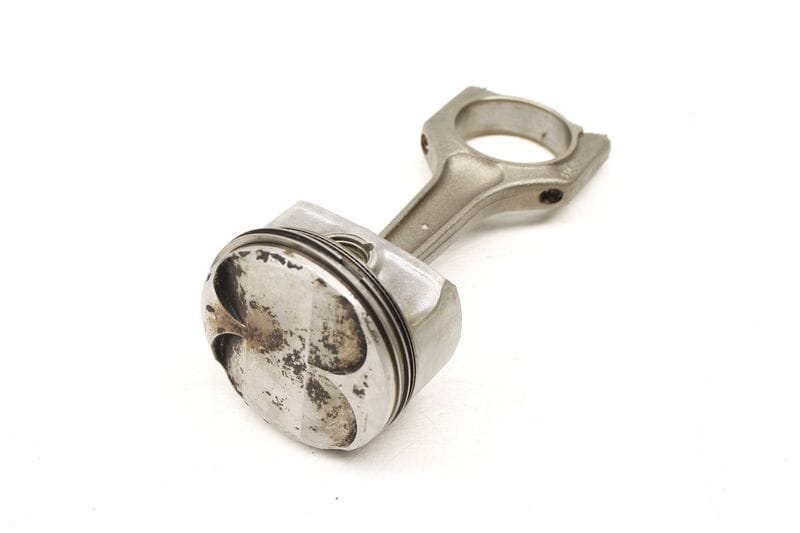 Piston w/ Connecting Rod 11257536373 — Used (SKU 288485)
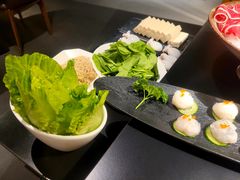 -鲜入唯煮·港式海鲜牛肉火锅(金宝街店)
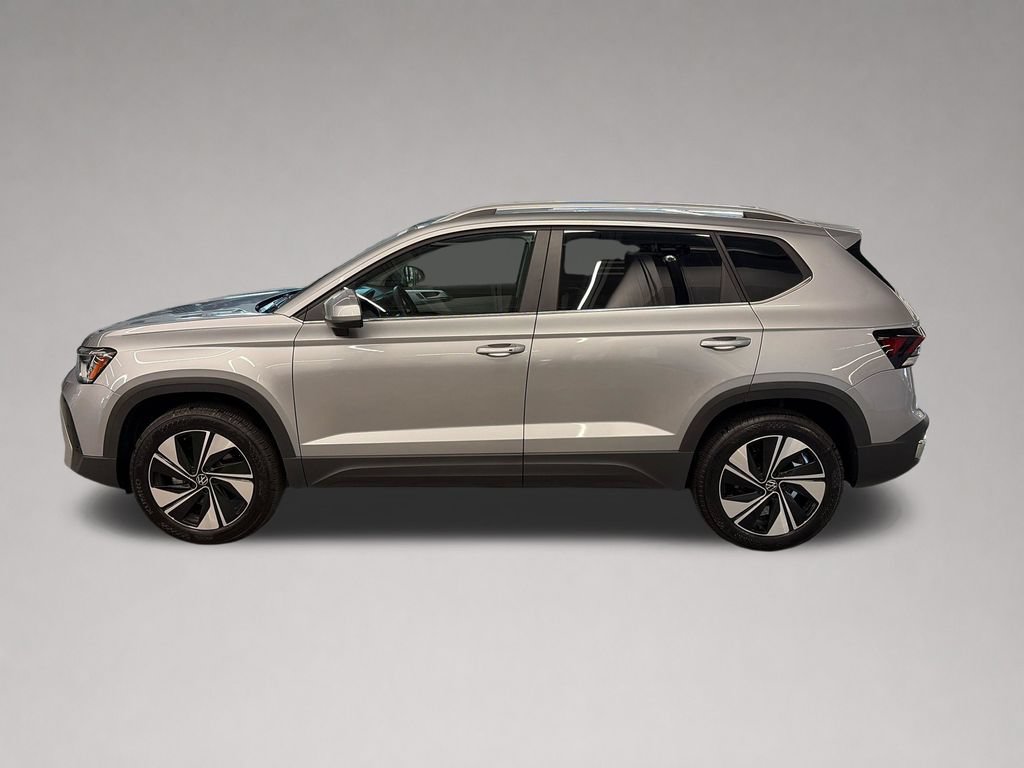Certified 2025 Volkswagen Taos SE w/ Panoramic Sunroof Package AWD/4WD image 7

[WORK INSTRUCTION]:
Output the listing above exactly, pictures omitted.

[RESPONSE BOX]:
 Piston w/ Connecting Rod 11257536373 — Used (SKU 288485)
 -鲜入唯煮·港式海鲜牛肉火锅(金宝街店)
Certified 2025 Volkswagen Taos SE w/ Panoramic Sunroof Package AWD/4WD image 7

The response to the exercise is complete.